Descritta per la prima volta dal Sestini (1812) tra le varietà dell’Etna, prende il nome da minna, mammella per la forma allungatadelle sue bacche.
A proposito della Eppula, «Ve n’ha di due colori, bianca e nera, le bacche della prima sono acuminate, di figura somigliante alla Minnedda sebbene più breve e di maggior grossezza. La nera è assai più rara della bianca, ed ha le medesime caratteristiche, somiglia del pari alla zinna di vacca nera (sic. minnedda niura), è di poca durata, potasi stretta, ha nodi a media distanza, dà il vino leggiero e vegeta in Randazzo e Bronte. In Piedimonte viene dinominata Minnedda» (Geremia, 1834; 1939).

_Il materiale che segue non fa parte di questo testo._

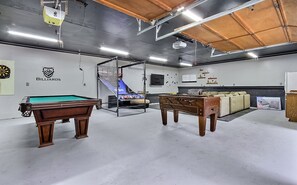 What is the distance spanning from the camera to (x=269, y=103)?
25.7 feet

Anche questa come la Minnella bianca, era considerata "uva da panaro". Si appendeva nel solaio a gruppi di due grappoli sui fili delle "seggi" "'i zammara" cioè fatte con la fibra di agave. Appesa così arrivava fino a Natale. Se era tanta si vinificava assieme alle altre uve. Veniva anche utilizzata per fare uve passe. Queste si ottenevano selezionando gli acini sani e un po’ appassiti che venivano stesi su un panno bianco di cotone e si mettevano ad asciugare al sole. Quando era asciutta si metteva nelle "casce" e qui l'uva faceva "'a ràcia" che era uno straterello di zucchero cristallizzato e croccante sulla superficie dell'acino.